風に恋して
「ああ、カタリナ。早かったな」
「あ、はい」

そのときちょうどレオが部屋に戻ってきてカタリナがハッとリアから視線を逸らし、レオに頭を下げる。

レオはまた書類の束を抱えているので、今日もリアの部屋で執務をするつもりなのだろう。ローテーブルに書類を置いてリアの元へやってきたレオは、桃を食べている彼女を見てかすかに目を見開いた。

「リア、お前……桃を食べているのか?」
「え……?は、い」

リアはまた首を傾げ、フォークに刺さった桃の果肉に視線を移した。カタリナもレオも、リアが桃を食したことに驚いているのだろうか?
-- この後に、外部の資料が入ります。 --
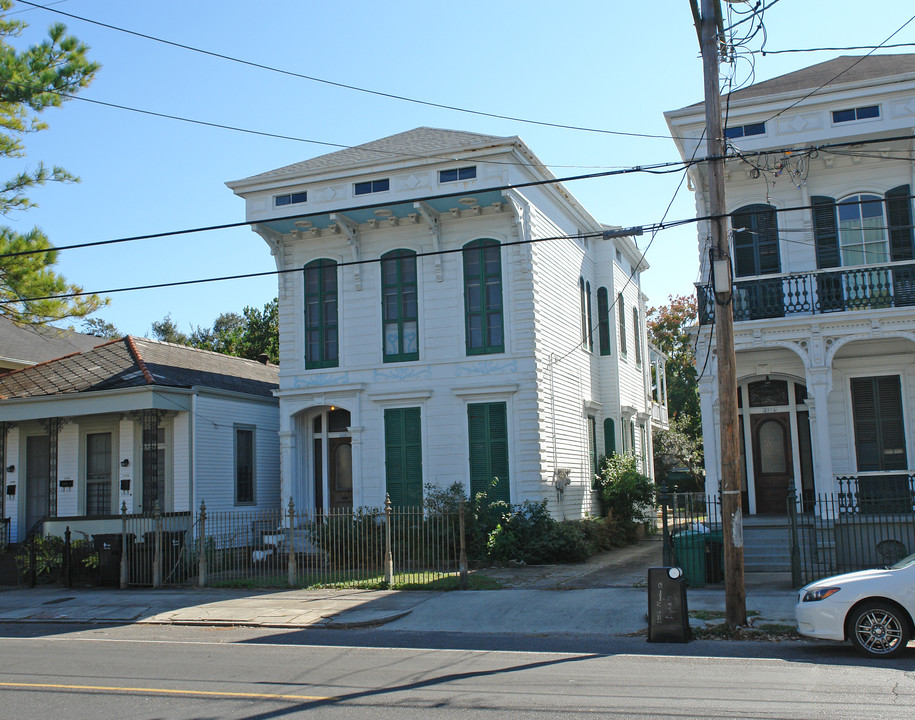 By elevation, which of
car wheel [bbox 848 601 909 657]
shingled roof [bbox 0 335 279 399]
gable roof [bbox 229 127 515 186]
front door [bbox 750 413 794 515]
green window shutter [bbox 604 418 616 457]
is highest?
gable roof [bbox 229 127 515 186]

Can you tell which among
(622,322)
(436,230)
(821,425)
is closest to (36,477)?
(436,230)

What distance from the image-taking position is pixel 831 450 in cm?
1747

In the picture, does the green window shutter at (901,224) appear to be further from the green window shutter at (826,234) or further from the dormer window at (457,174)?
the dormer window at (457,174)

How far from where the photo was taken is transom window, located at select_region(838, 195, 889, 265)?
17.4 m

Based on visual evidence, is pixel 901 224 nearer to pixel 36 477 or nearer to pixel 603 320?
pixel 603 320

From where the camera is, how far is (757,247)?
1812 cm

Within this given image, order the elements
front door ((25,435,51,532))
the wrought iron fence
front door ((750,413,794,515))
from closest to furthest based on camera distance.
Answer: the wrought iron fence
front door ((750,413,794,515))
front door ((25,435,51,532))

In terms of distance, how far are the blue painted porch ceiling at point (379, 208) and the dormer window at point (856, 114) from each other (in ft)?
23.0

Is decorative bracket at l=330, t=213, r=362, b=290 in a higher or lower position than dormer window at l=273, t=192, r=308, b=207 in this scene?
lower

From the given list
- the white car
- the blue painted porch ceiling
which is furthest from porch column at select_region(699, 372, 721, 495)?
the white car

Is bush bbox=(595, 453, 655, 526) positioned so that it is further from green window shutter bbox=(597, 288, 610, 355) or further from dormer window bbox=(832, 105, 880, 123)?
dormer window bbox=(832, 105, 880, 123)

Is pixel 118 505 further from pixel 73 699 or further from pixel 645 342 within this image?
pixel 645 342

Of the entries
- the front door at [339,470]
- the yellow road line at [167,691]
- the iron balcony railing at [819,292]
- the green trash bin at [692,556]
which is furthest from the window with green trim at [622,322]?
the yellow road line at [167,691]

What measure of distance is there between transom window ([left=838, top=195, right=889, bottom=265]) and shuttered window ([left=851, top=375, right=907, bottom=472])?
7.99ft
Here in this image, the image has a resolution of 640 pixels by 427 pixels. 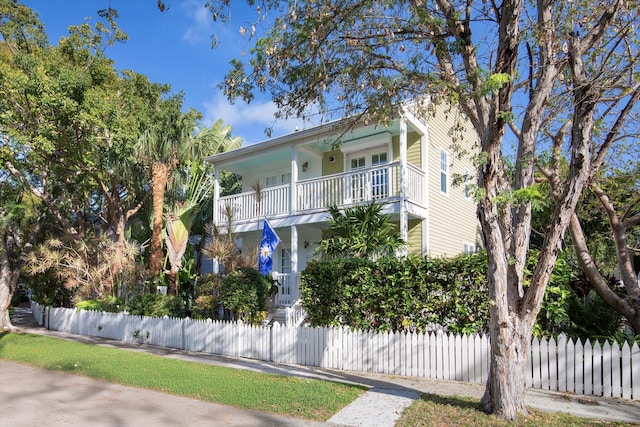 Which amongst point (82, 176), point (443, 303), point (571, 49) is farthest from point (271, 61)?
point (82, 176)

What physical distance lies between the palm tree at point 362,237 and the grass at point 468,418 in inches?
229

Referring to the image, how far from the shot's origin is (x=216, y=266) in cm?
1755

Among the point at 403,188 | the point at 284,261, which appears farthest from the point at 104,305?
the point at 403,188

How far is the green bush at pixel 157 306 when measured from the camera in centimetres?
1421

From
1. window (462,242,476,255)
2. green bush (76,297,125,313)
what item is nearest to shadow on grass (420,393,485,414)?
window (462,242,476,255)

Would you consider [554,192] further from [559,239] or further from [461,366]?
[461,366]

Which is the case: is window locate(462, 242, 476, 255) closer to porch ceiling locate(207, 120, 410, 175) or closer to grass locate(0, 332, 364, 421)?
porch ceiling locate(207, 120, 410, 175)

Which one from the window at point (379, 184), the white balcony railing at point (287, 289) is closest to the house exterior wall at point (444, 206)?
the window at point (379, 184)

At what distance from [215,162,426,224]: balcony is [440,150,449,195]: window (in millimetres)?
2307

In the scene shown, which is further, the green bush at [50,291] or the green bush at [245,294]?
the green bush at [50,291]

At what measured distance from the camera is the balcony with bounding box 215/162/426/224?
1431cm

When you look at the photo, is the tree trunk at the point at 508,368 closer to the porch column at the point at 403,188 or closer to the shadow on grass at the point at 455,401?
the shadow on grass at the point at 455,401

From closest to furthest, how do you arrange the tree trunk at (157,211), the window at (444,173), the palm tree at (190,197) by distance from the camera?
the tree trunk at (157,211)
the palm tree at (190,197)
the window at (444,173)

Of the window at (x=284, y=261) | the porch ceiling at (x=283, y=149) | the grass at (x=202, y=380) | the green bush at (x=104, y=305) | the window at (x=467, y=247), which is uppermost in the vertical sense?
the porch ceiling at (x=283, y=149) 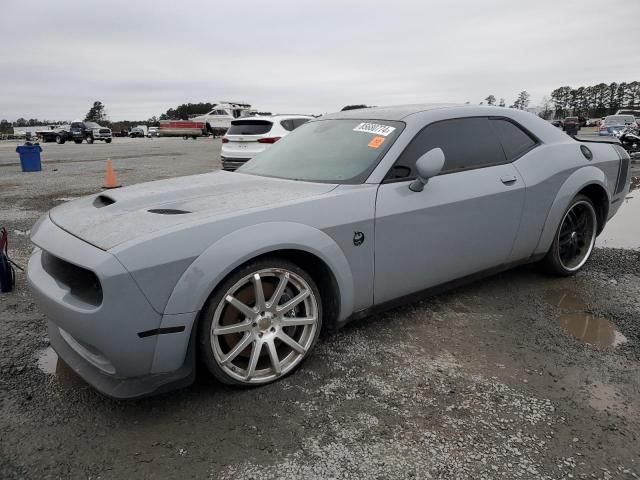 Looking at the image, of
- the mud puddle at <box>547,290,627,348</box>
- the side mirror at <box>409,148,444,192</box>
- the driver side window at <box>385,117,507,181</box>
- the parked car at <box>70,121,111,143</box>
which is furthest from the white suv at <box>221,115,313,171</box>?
the parked car at <box>70,121,111,143</box>

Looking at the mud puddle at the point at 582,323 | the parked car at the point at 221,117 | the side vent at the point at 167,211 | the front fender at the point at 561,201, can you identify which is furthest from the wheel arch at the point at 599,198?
the parked car at the point at 221,117

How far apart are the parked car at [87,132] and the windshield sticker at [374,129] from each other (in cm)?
3706

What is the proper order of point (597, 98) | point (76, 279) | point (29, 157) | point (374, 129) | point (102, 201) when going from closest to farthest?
point (76, 279)
point (102, 201)
point (374, 129)
point (29, 157)
point (597, 98)

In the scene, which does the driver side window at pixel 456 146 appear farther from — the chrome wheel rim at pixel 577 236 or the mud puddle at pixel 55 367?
the mud puddle at pixel 55 367

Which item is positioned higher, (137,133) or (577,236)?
(577,236)

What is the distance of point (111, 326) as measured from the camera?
2059 millimetres

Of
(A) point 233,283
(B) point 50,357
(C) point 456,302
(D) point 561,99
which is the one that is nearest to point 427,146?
(C) point 456,302

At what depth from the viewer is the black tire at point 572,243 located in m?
4.04

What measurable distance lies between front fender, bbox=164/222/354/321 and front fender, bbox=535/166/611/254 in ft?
6.49

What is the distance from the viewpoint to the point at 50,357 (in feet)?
9.59

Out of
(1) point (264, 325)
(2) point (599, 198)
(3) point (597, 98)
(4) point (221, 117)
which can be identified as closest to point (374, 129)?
(1) point (264, 325)

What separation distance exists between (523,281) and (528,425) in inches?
84.1

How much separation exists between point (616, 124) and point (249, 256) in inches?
1091

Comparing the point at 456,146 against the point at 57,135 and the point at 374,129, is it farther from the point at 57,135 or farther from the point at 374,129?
the point at 57,135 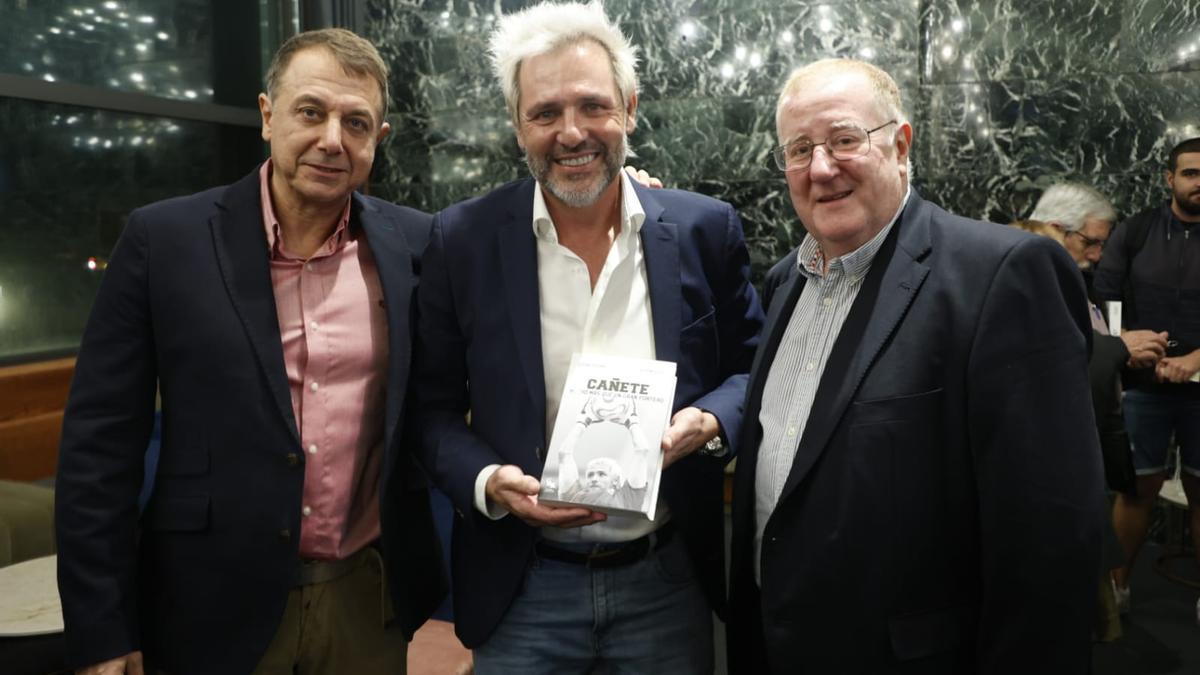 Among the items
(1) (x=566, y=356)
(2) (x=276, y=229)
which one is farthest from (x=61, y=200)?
(1) (x=566, y=356)

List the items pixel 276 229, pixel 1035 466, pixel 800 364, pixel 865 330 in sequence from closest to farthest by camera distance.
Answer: pixel 1035 466
pixel 865 330
pixel 800 364
pixel 276 229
「あぁ、悪い。その……お前が桃を一番に選ぶのは、珍しい、というか……」

レオにしては珍しく歯切れの悪い、その答え。

「そう、ですか?」
「いや、食べたいのなら食べるといい。まだたくさんある」

リアはなんとなく居心地が悪いような気持ちで、もう一度桃を口にした。

(おいしい、のに……)

自分が桃を食べるのは、そんなに珍しいことだっただろうか?なんとなく目に留まった、というか……食べたいと思っただけなのだけれど。

確かに良く考えてみれば、積極的に食べることはなかったかもしれない。果物の中ではオレンジなどの柑橘系、甘いだけでなく少し酸味の混ざったものの方が好きではある。

けれど、お皿に乗ったそれらを見てもなぜか“食べたい”とは思わなかった。体調のせい、なのだろうか。

リアはぼんやりと考えながらお皿の桃をすべて食べた。